I remember BEANS playing a big role, and Elizabeth does not yet like beans. She is also not fond of eggs. But I’ve told her she might need to learn to eat beans and eggs as well as some new things, and she is agreeable to that, so I’m going to start experimenting. She does like cheese and milk and yogurt.
Some meals are easy to replace. She can have her pizza with no pepperoni. At Thanksgiving, she can eat potatoes and vegetables and stuffing and cranberry sauce; she never ate the turkey anyway. I’m going to experiment with the TVP in tacos, or she can learn to like burritos made with beans, rice, and cheese. I’m going to see if there are some veggie burgers that are better nutritionally than the veggie hot dogs. But she and I were shopping on Sunday and we stopped at Wendy’s for lunch and…oops, I forgot she wasn’t eating meat. I got her a baked potato and a Caesar side salad, but it seemed a bit sad to both of us, and she said it completely removed the Treat element of eating out. I got her a cookie afterward, out of food pity.

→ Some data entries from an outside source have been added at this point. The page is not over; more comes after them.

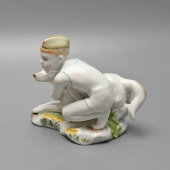 Статуэтка «Юный пограничник с собакой в зеленой пилотке», скульптор Столбова Г. С., фарфор, ЛФЗ, 1950-60 гг.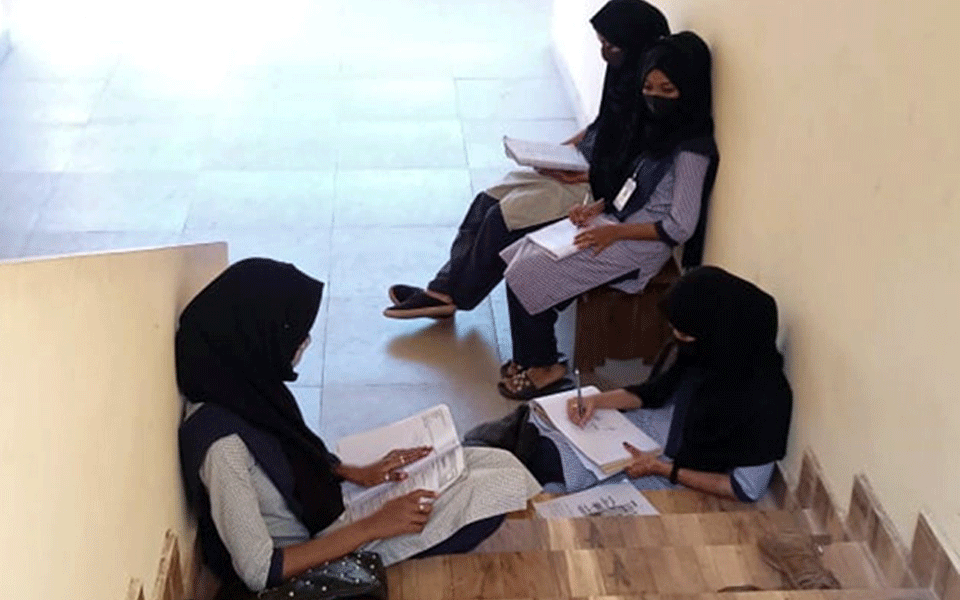 ಹಿಜಾಬ್‌ ವಿಷಯದಲ್ಲಿ ಹೊರಗಿನ ದೇಶಗಳಿಗೆ ಪ್ರತಿಕ್ರಿಯಿಸಲು ಹಕ್ಕಿಲ್ಲ: ವಿದೇಶಾಂಗ ವ್ಯವಹಾರಗಳ ಸಚಿವಾಲಯ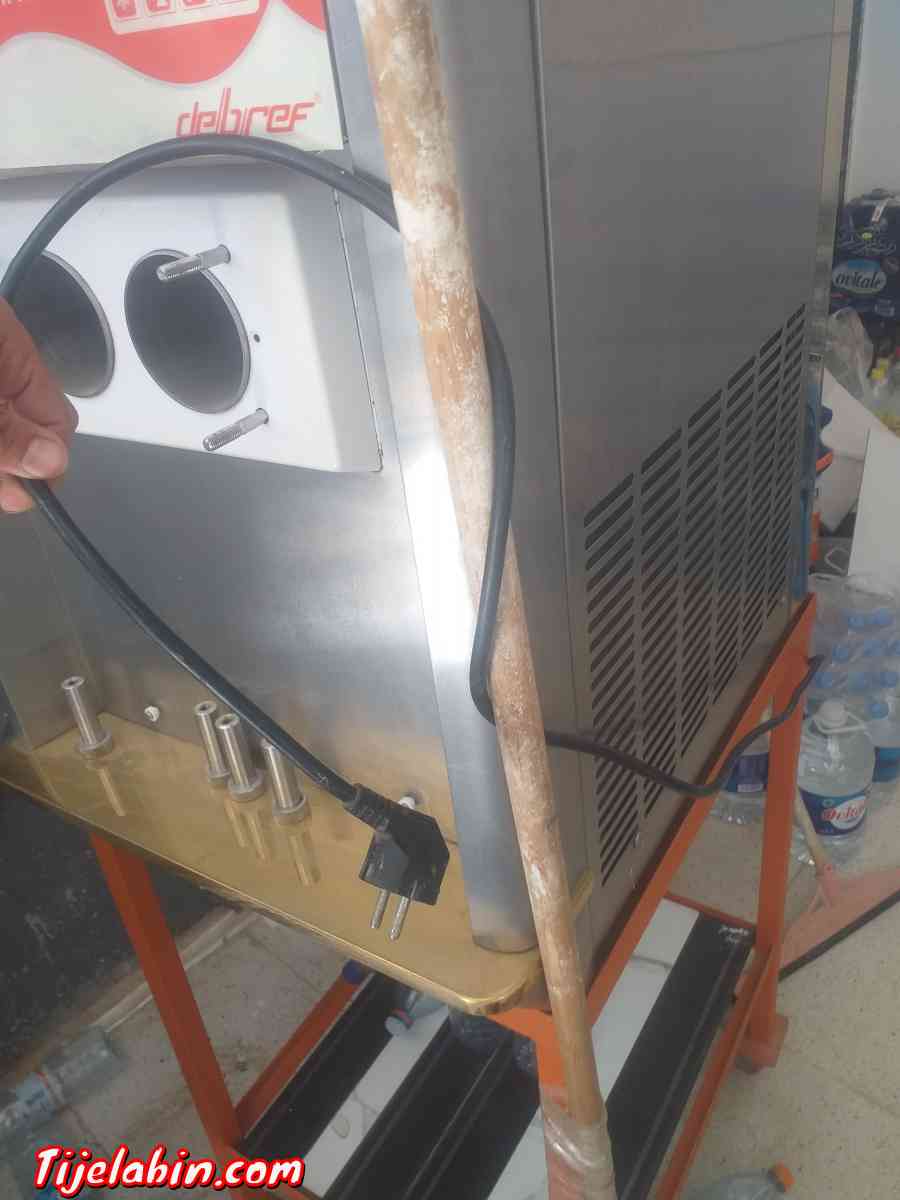 مكينة صنع المثلاجات . - El Marsa, Chlef - Tijelabin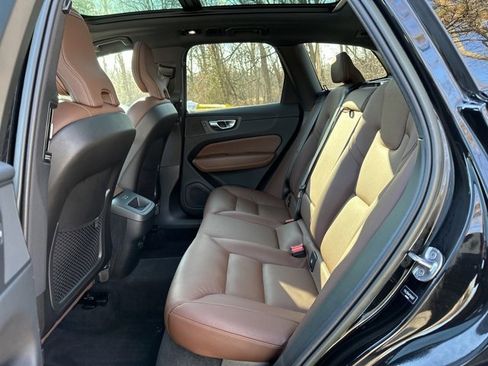 Certified 2023 Volvo XC60 B5 Plus w/ Climate Package image 13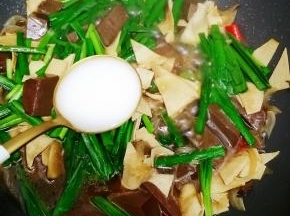 加入水淀粉和鸡精翻炒均匀即可，关火出锅
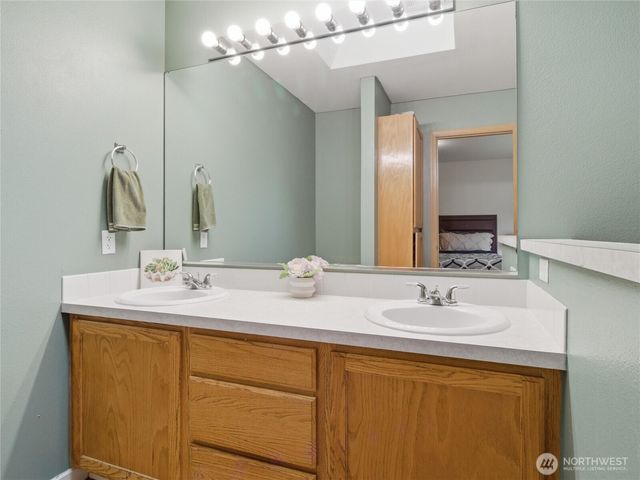 14618 69th Avenue Ct E, Puyallup, WA 98375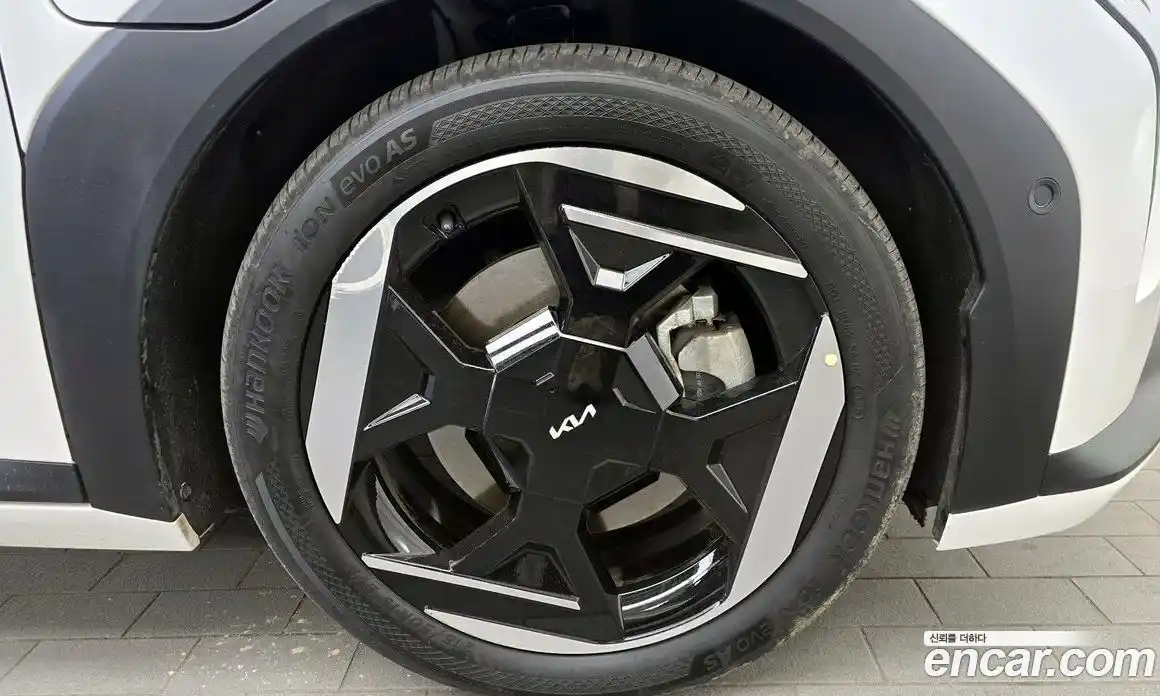 Kia EV4 2025 0.2 Автомат в Москве № 887586, фото 5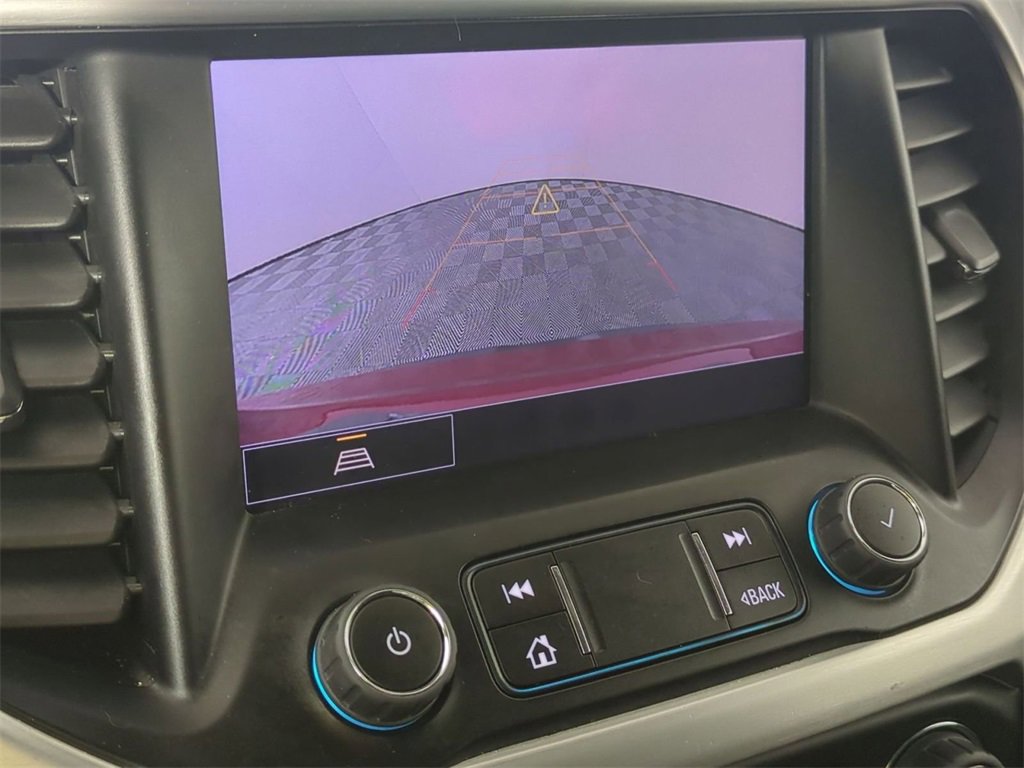 Certified 2023 GMC Acadia SLE w/ Driver Convenience Package image 15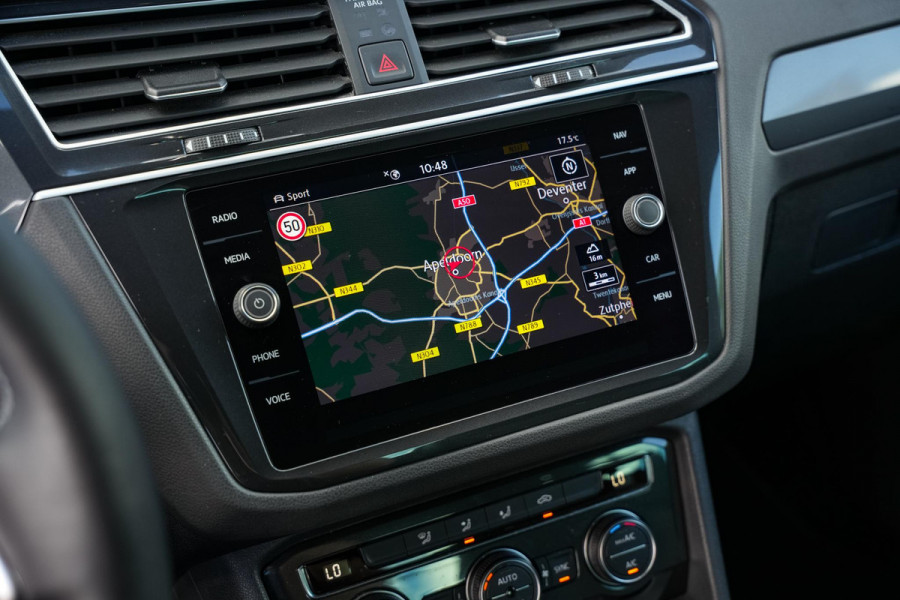 Volkswagen Tiguan 1.5 TSI ACT Highline Business R Adaptive Cruise Lane Assist Carplay PDC Virtual Dash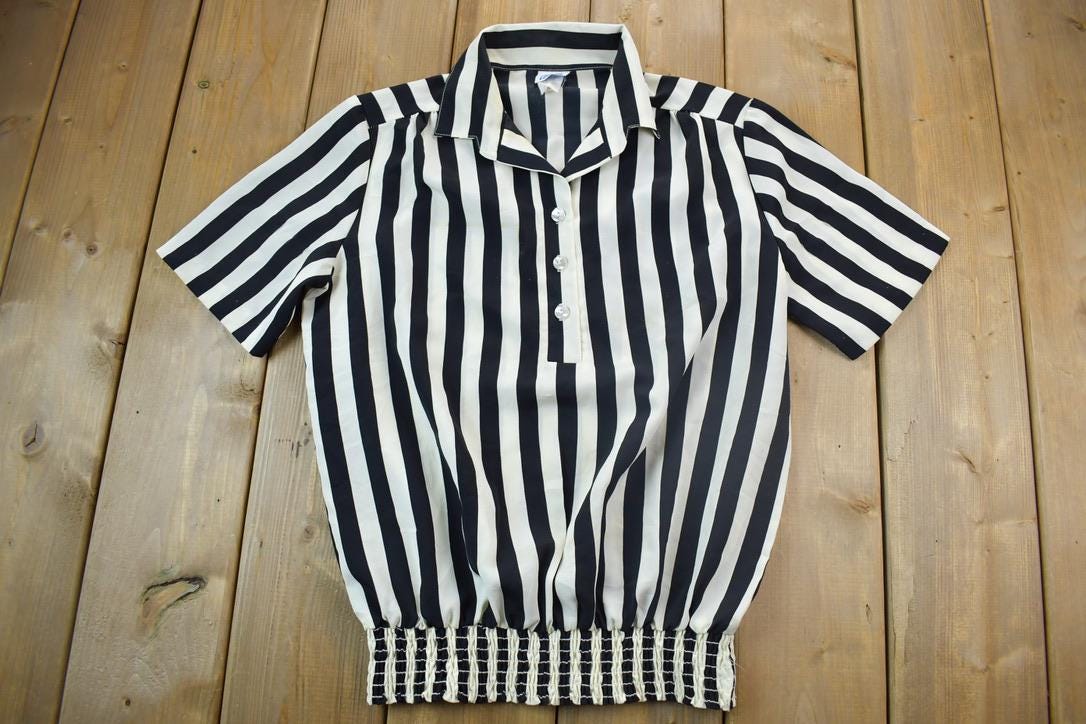 Vintage 1990s Black & White Patterned Striped Shirt / Vintage T Shirt / Streetwear / Single Stitch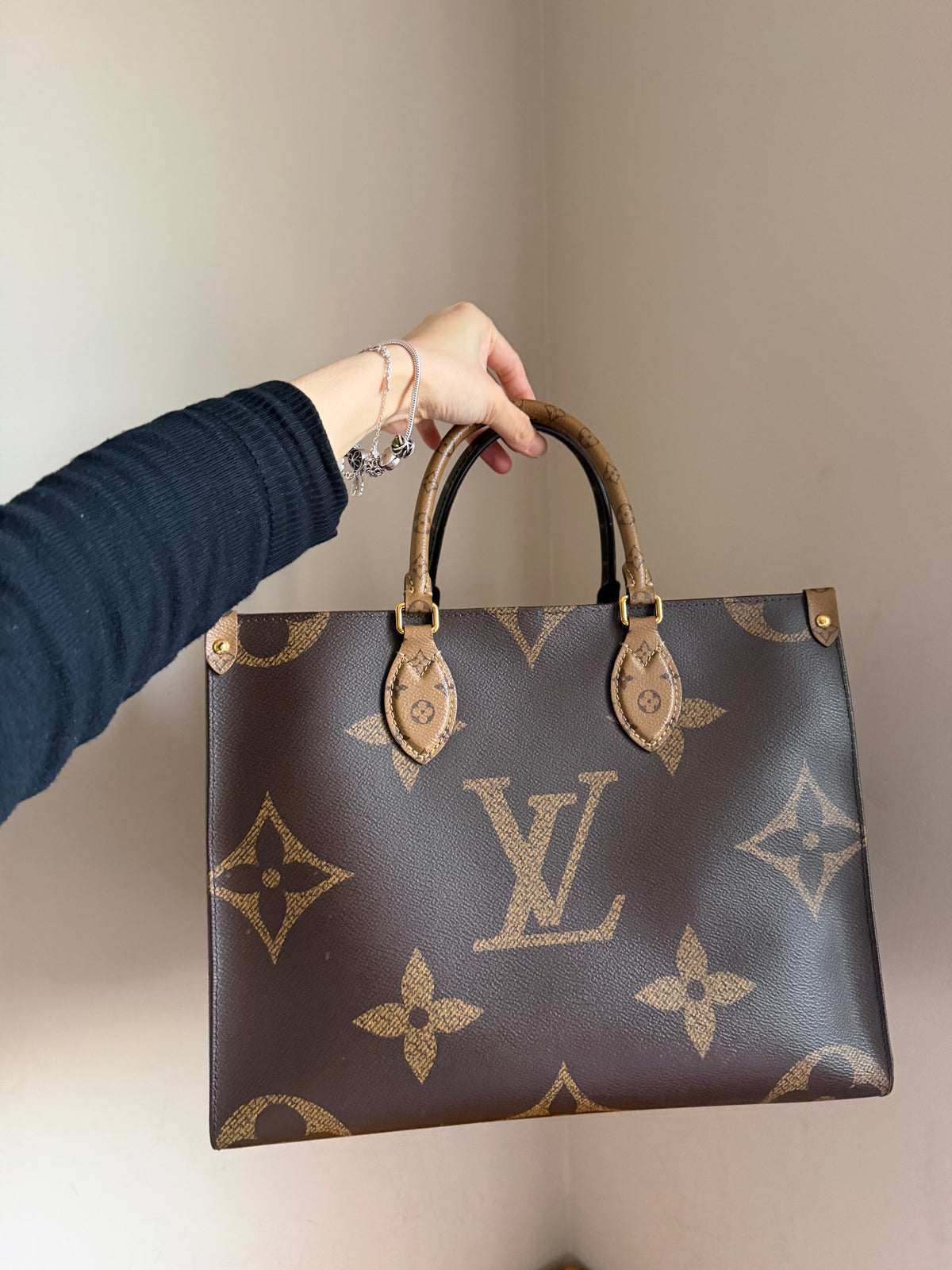 ❌SOLD❌ On-The-Go MM in Reverse Monogram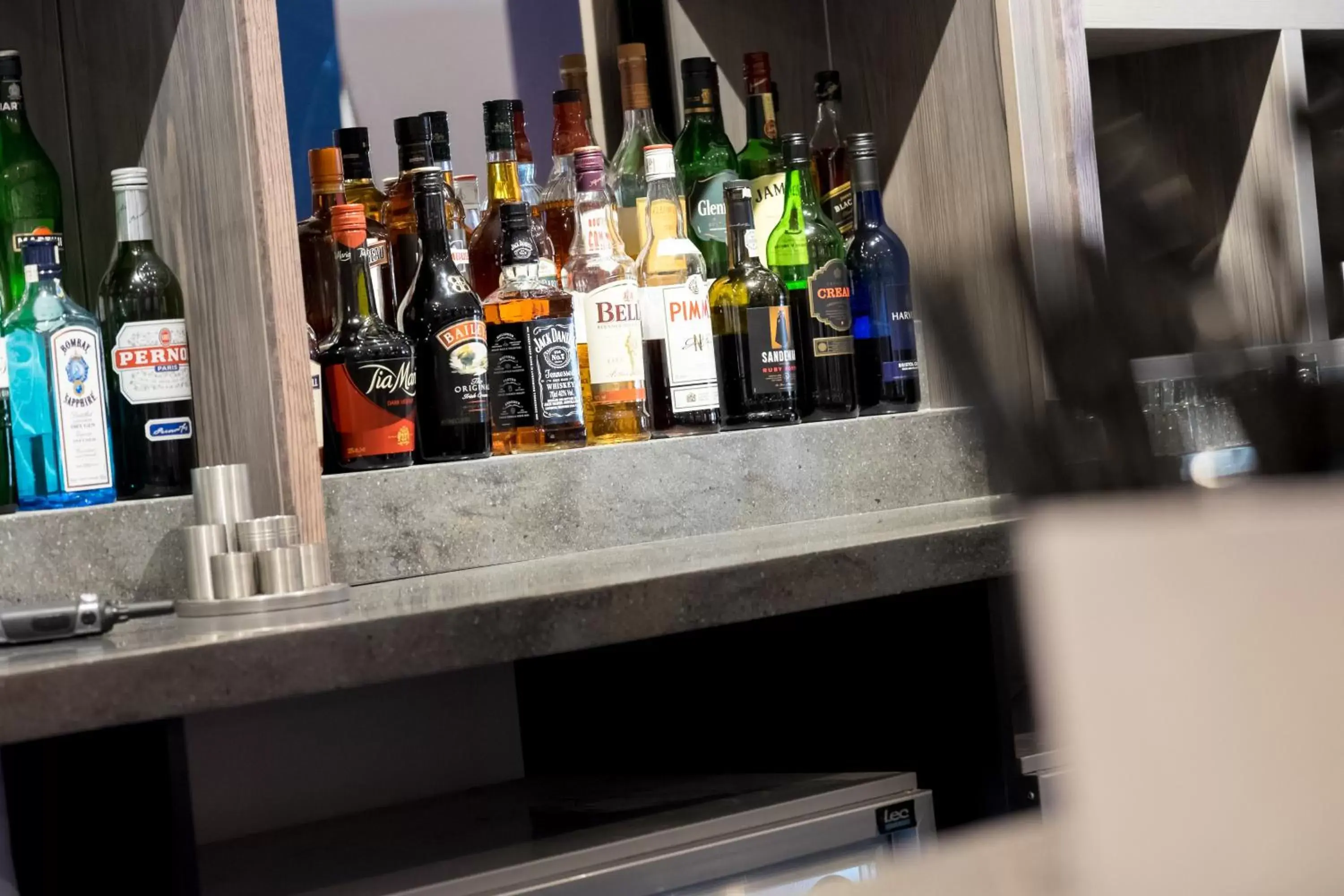 Lounge or bar in Holiday Inn Corby Kettering A43 by IHG Lounge or bar in Holiday Inn Corby Kettering A43 by IHG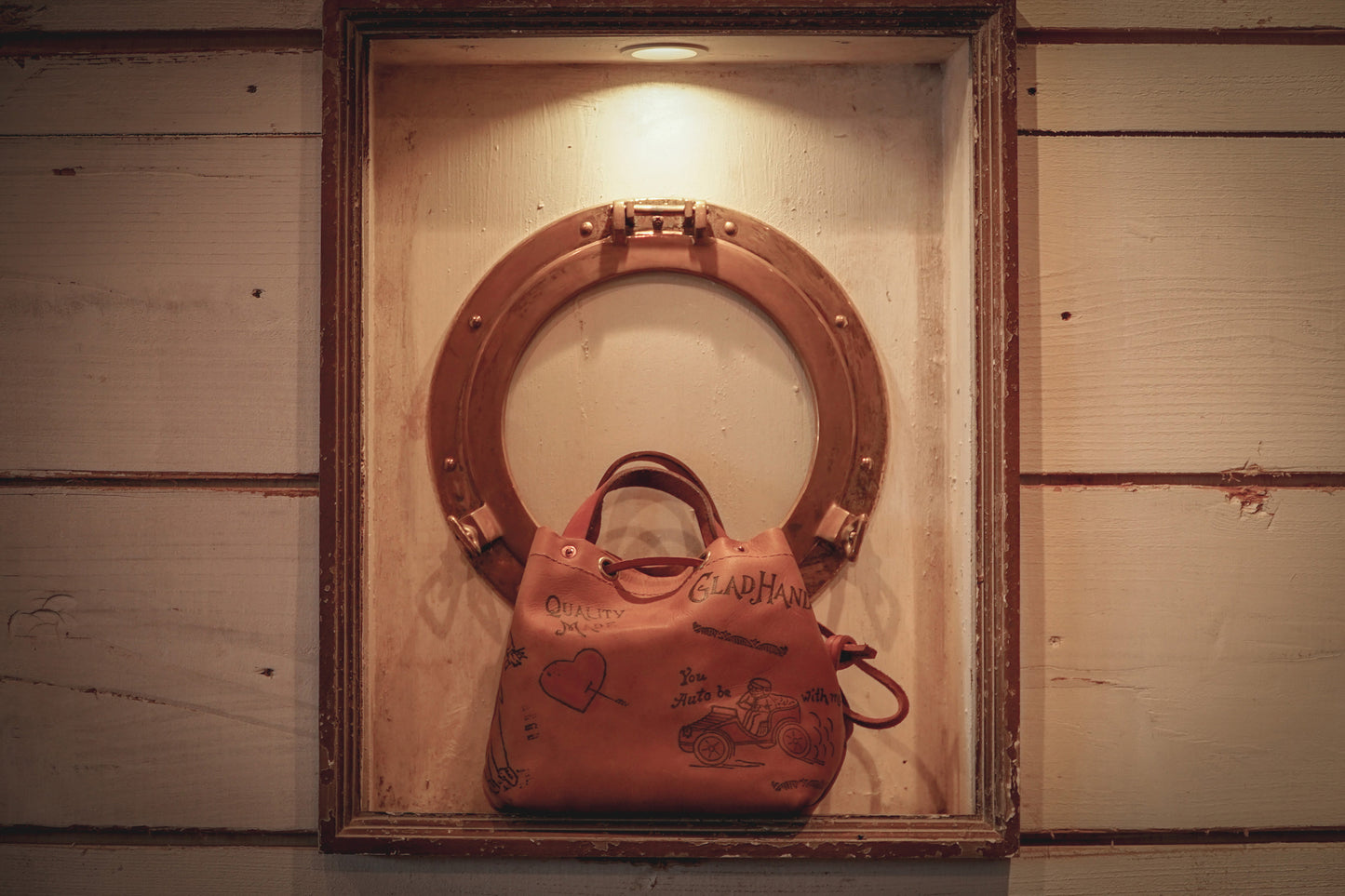 LEATHER PURSE BAG "GLAD POSTALS"【vasco × GLADHAND】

I don’t know what to make for her if I’m making chicken nuggets and mashed potatoes and broccoli for everyone else. I need something kind of easy that can be cooking alongside, so that she can have whatever it is, plus mashed potatoes and broccoli, without me feeling like I’m making two entire meals.
I’d like to find some things that are not just vegetarian versions of other things. That is, I’d rather make her something that doesn’t have meat in it to begin with, instead of substituting in a lot of Faux Meats.
I know there are tons of resources out there, but right now it’s overwhelming. I don’t want a book of two hundred recipes, all containing items I’ve never cooked with before, all of which look like meals for a grown adult with adventurous palate rather than for a picky child; I don’t want a website with ten years’ of archives and a lot of talk about how bad it is to eat meat. I want, like, one recipe that someone’s teenage vegetarian daughter really liked. Or, like, one recommendation for a vegetarian item from the frozen-foods section. (I mean like one or two items per commenter. We don’t have to stop talking after the first comment.)
Edited to add two things I forgot to say:
1. She’s not eating fish.
2. She’s allergic to tree nuts (though not to almonds).